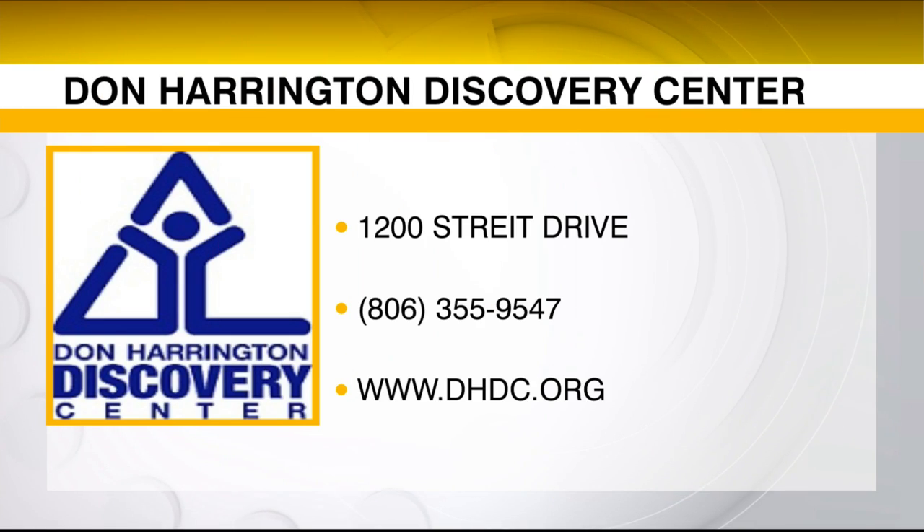At the end of the day, we want you to support what's happening over at the Discovery Center. A lot of people remember going there as a kid — it's a great deal and the kids love it. All of our events and tickets are listed at dhdc.org, and we also have our events set up on our Facebook page.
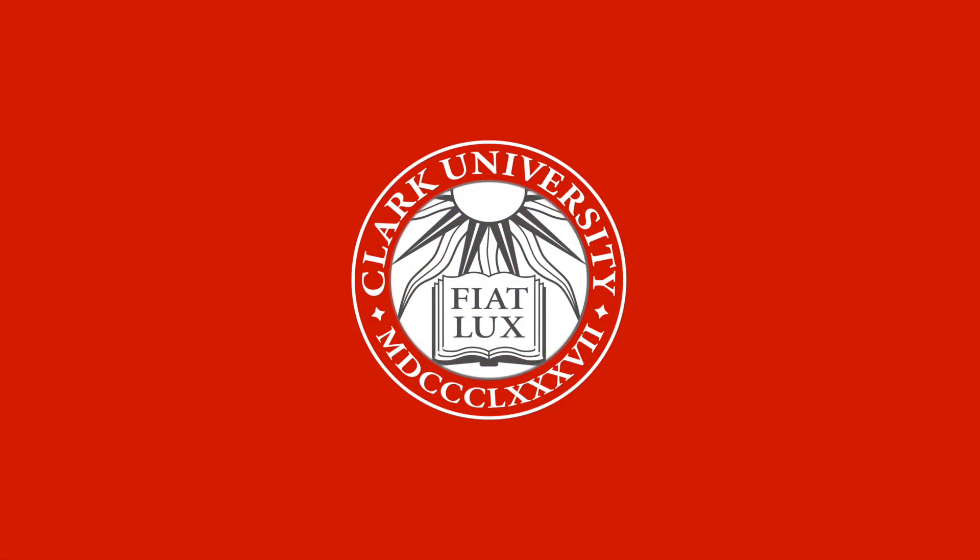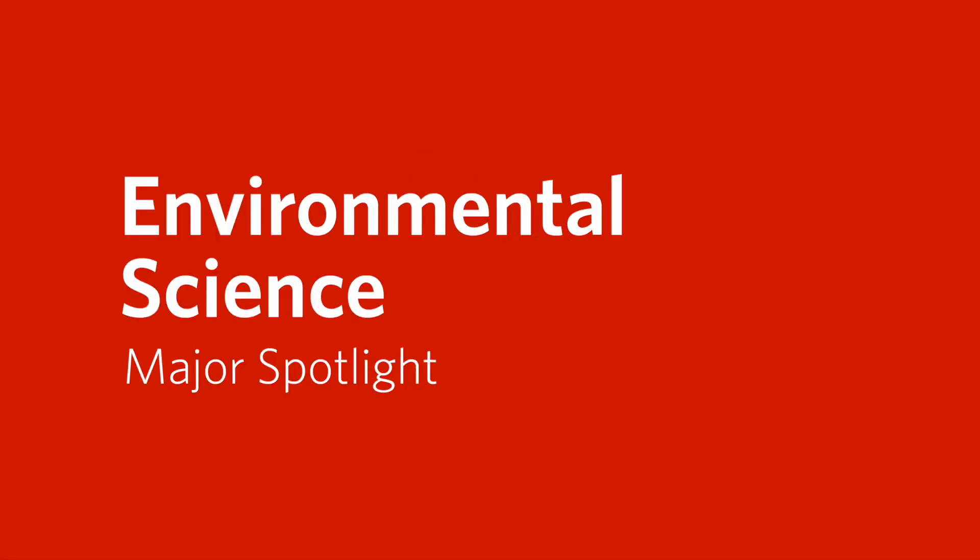Hello, and welcome to another Clark University Major Spotlight. I'm your host, Jared Gibson Faber. Today I'm pleased to introduce you to the Chair of Environmental Science at Clark, Professor Christopher Williams. Chris, would you take a moment to introduce yourself and let us know a little bit about your role at Clark?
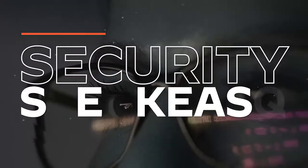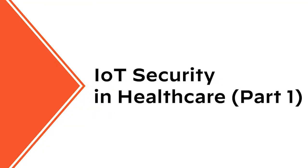Welcome to the Security Speakeasy Show, where we talk about all things network security.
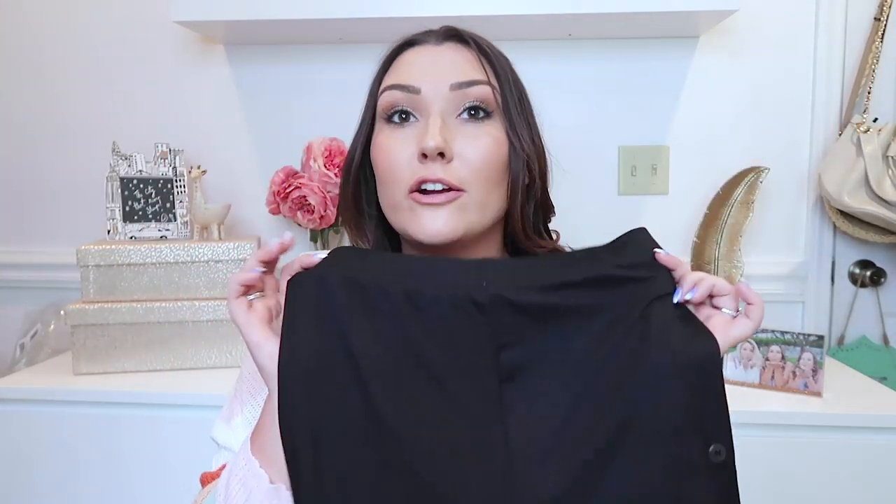For loungewear — since my vacation is a beach house vacation — after swimsuits, my next biggest chunk of suitcase space is loungewear because we'll be hanging around the house a lot. The first set is from Nordstrom and is included in their Nordstrom Anniversary Sale. It's a gorgeous pair of leopard joggers with an amazing soft plush interior, plus a matching cropped little hoodie with the same cream band, long sleeves, and a hood.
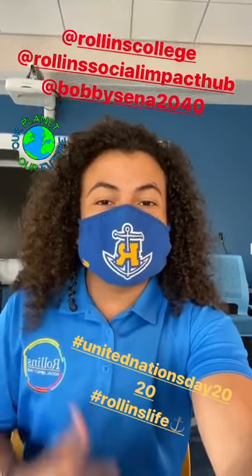Hey everyone, my name is Bobby Senna and I'm currently a class of 2024 political science major. Now that you know a little bit about me, I want you to learn a lot about the Social Impact Hub and the amazing events we have here at Rollins College.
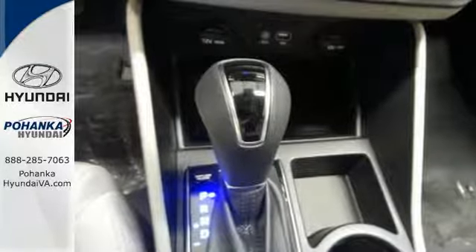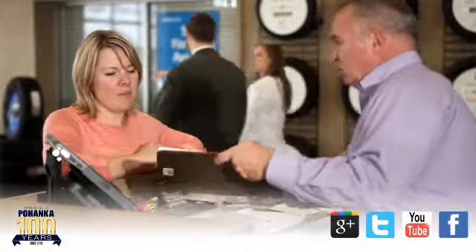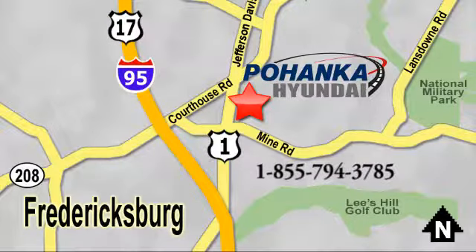This Tucson is a stand out. Find out for yourself when you come in for a test drive. Great service, great selection, and low prices — that's why Pohenka Hyundai of Fredericksburg is a great place to buy a car. Visit today, located on Route 1 in Fredericksburg, Virginia.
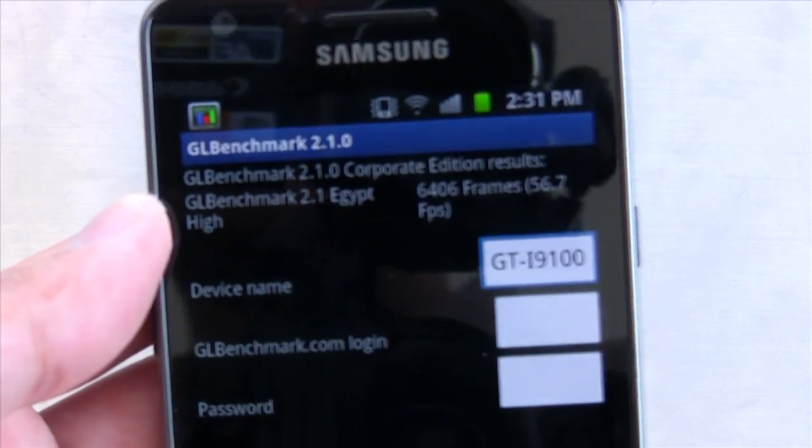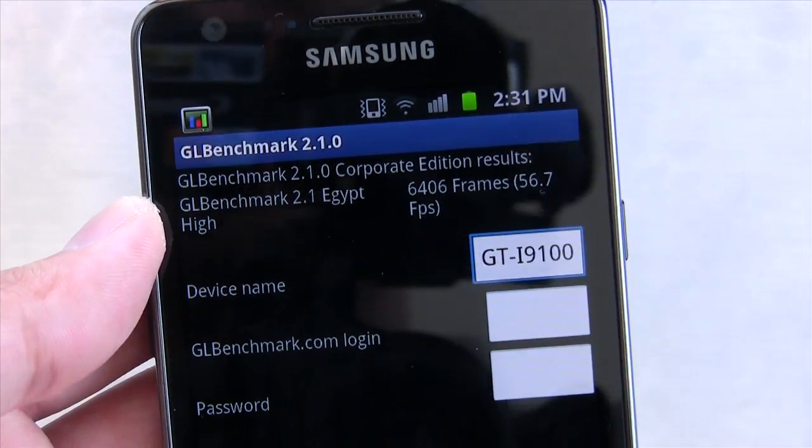As you can see, we're at the cap the whole time, and we have 56.7 FPS, which is basically V-Sync. Thanks again.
******
Task requirements:
Using the listing above, write out exactly the lines from the one that holds "Hello, and welcome" through the last line, both included, and omit pictures.

Written solution:
Hello, and welcome to another Clark University Major Spotlight. I'm your host, Jared Gibson Faber. Today I'm pleased to introduce you to the Chair of Environmental Science at Clark, Professor Christopher Williams. Chris, would you take a moment to introduce yourself and let us know a little bit about your role at Clark?
Welcome to the Security Speakeasy Show, where we talk about all things network security.
For loungewear — since my vacation is a beach house vacation — after swimsuits, my next biggest chunk of suitcase space is loungewear because we'll be hanging around the house a lot. The first set is from Nordstrom and is included in their Nordstrom Anniversary Sale. It's a gorgeous pair of leopard joggers with an amazing soft plush interior, plus a matching cropped little hoodie with the same cream band, long sleeves, and a hood.
Hey everyone, my name is Bobby Senna and I'm currently a class of 2024 political science major. Now that you know a little bit about me, I want you to learn a lot about the Social Impact Hub and the amazing events we have here at Rollins College.
This Tucson is a stand out. Find out for yourself when you come in for a test drive. Great service, great selection, and low prices — that's why Pohenka Hyundai of Fredericksburg is a great place to buy a car. Visit today, located on Route 1 in Fredericksburg, Virginia.
As you can see, we're at the cap the whole time, and we have 56.7 FPS, which is basically V-Sync. Thanks again.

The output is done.